Benefit from the best of our PKI
Identity is a Public Key Infrastructure (PKI) solution entirely developed by Cryptolog in complete compliance with cryptography standards X.509 and PKIX. By issuing electronic certificates, this state-of-the-art cryptography solution provides confidentiality (encryption), authentication and electronic signature (non-repudiation) functions in open environments. Identity offers Certification Authority, Registration Authority and revocation management functions. Its highly modular architecture and compliance with standards make it completely interoperable with any other trust service and make customized integration with existing business processes possible.

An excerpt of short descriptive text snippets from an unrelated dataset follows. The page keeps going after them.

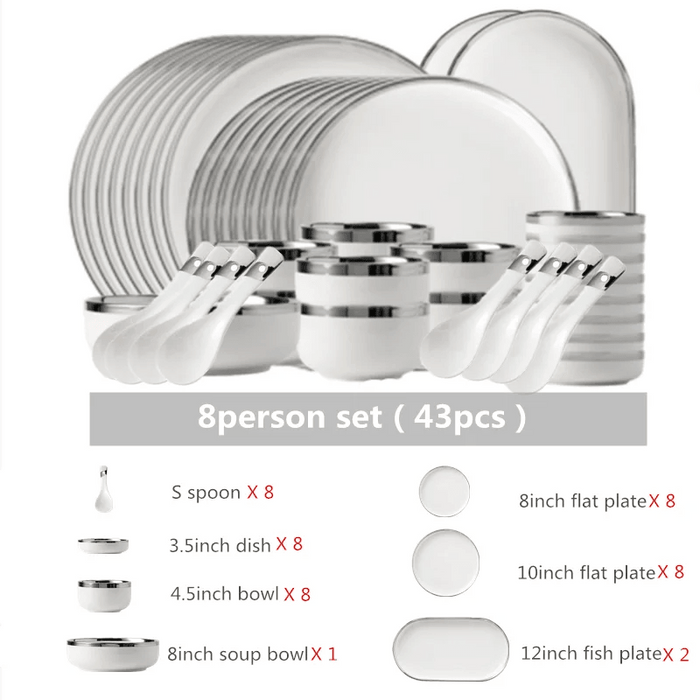 Sophisticated White Porcelain Dinnerware Collection with Silver Detailing for Elegant Home and Hotel Dining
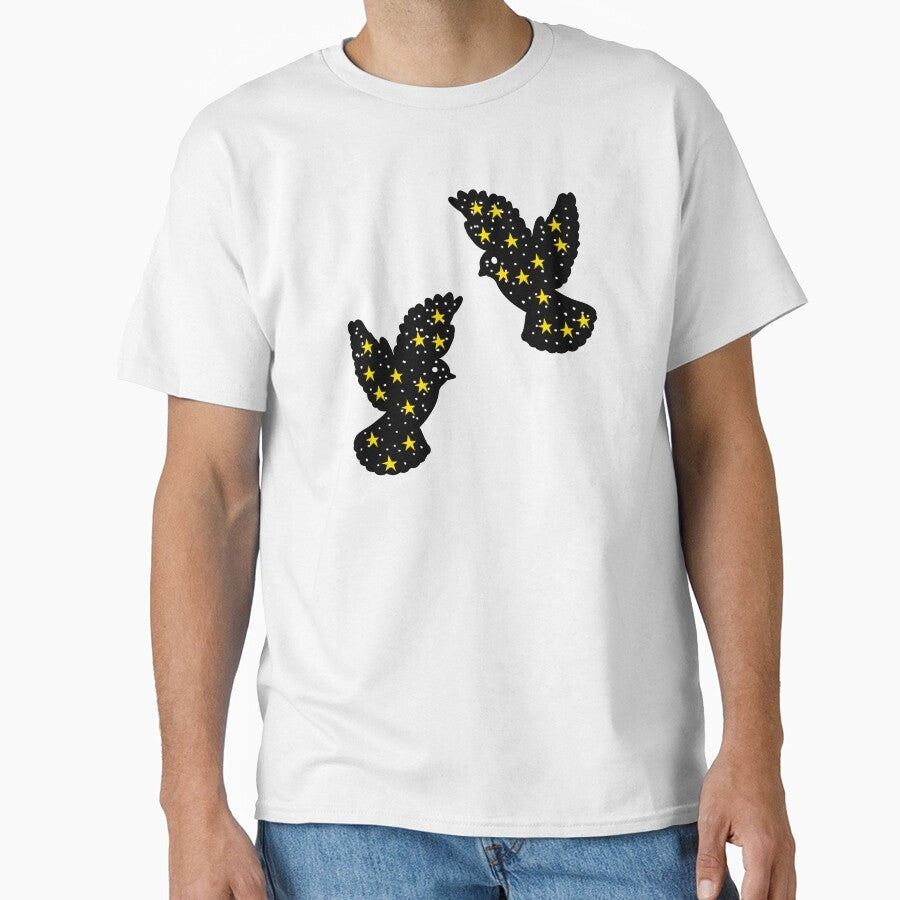 Galaxy Birds Silhouette | Cosmic Night Sky Animal Art by Theo86 T-Shirts, Hoodie, Sweatshirt | BlankRebels.com (Image 1)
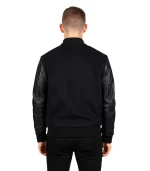 Vaxton Black Hybrid Varsity Jacket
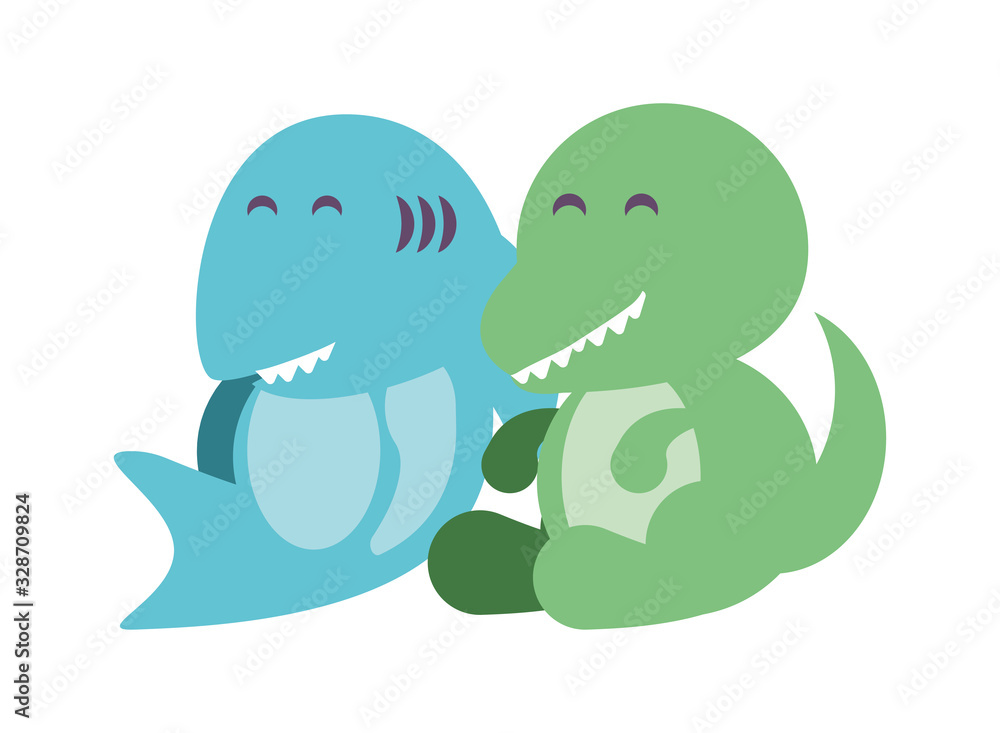 shark and donosaur on white background, baby toys shark and donosaur on white background, baby toys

Complete management of the life cycle of certificates
Identity covers the entire life cycle of an electronic certificate by offering the following features:
- Registration and verification of requests for certificates via the Registration Authority
- Creation and distribution of signed certificates via the Certification Authority
- Registration and publication of their revocation
- Publication of certificates in a directory
Advanced certificate creation, revocation and publication features
Creation of signed certificates
Identity generates electronically signed certificates in the X.509 v3 format using entirely configurable templates including standard or specific extensions. The Certification Authority signature key may be hosted on any hardware security module, smartcard-type SSCD, USB stick or HSM (Bull, nCipher) that is compatible with standard PKCS#11 in particular.

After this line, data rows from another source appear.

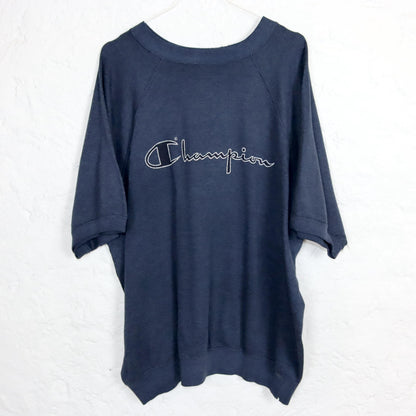 Vintage 80er 90er CHAMPION Sweatshirt kurzarm Shirt dunkelblau meliert XL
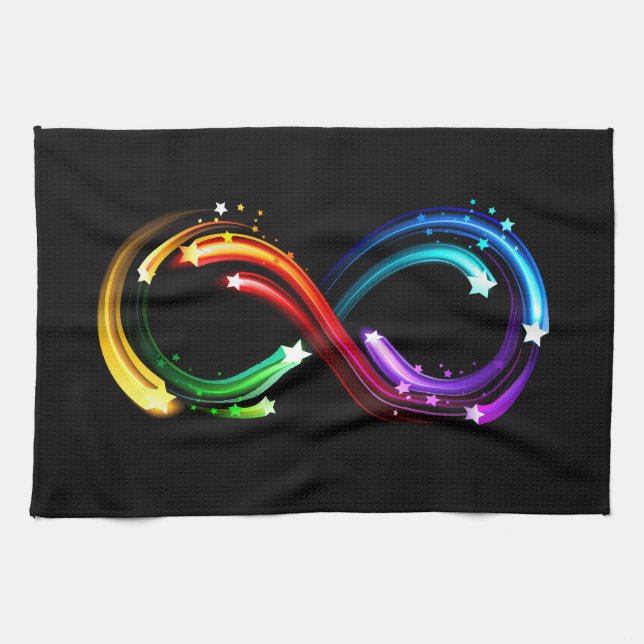 Infinity symbol of rainbow comets kitchen towel (Horizontal)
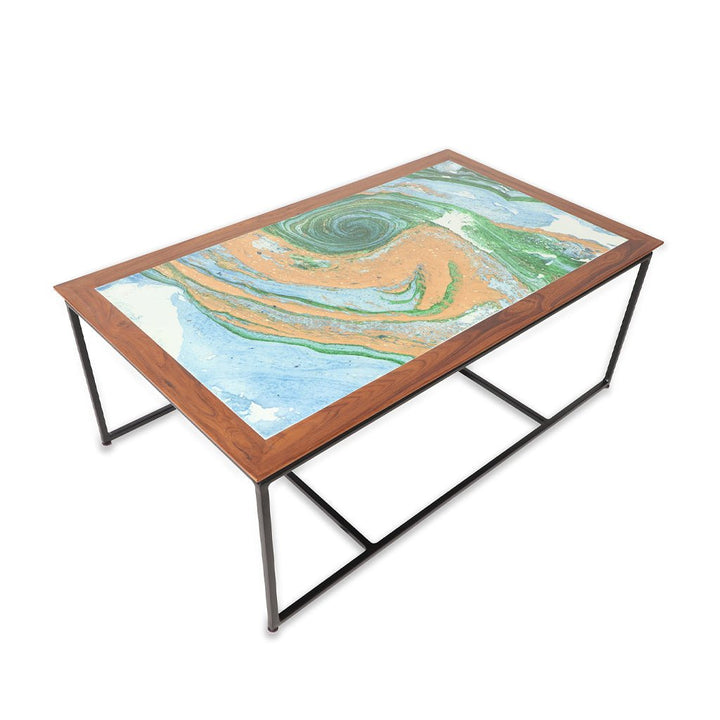 Dualis - Teakwood Center Table with Multicolor Top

Identity can also renew certificates in a very user-friendly way. For example, the Certification Authority may be configured to accept the automatic renewal of unrevoked certificates on the basis of a request signed by the previous certificate.
Like any PKI, Identity offers functions for certificate revocation and publication of revoked certificates via Certificate Revocation Lists (CRLs) or an OCSP (Online Certificate Status Protocol). The revocation of a certificate may be requested by the user himself if he still has his certificate or by an operator with responsibility for the user.
Advanced publication functions
As well as revocation information, the Identity PKI can publish users' certificates on various channels such as an LDAP directory or web interface. Identity also has emergency publication functions so that, for example, a group of parties can be informed immediately.
The Identity PKI is made up of a set of modules (CA, RA, CRLPub etc.) that are entirely independent and communicate with each other or with the complete suite of Cryptolog products through standard protocols. This modular architecture means that it can adapt to most Public Key Infrastructure and, more generally, electronic signature requirements.
Identity has its own Registration Authority (RA) with a simple and intuitive administration interface. An administrator or operator can easily manage the registration, distribution and revocation of electronic certificates.
Interconnection with a third-party Registration Authority
Having said that, and this is one of the strengths of our product, the Identity Certification Authority can interconnect with any type of Registration Authority through standard or specific protocols. Whatever your needs, our teams can develop dedicated connectors allowing secure and personalized interconnection with your infrastructure.
Extremely simple IT integration
Identity can be used in many environments and integrates very easily with an existing infrastructure thanks to the many web interfaces supported: PKCS#10, CMP, CRMF, XML-RPC, SOAP etc.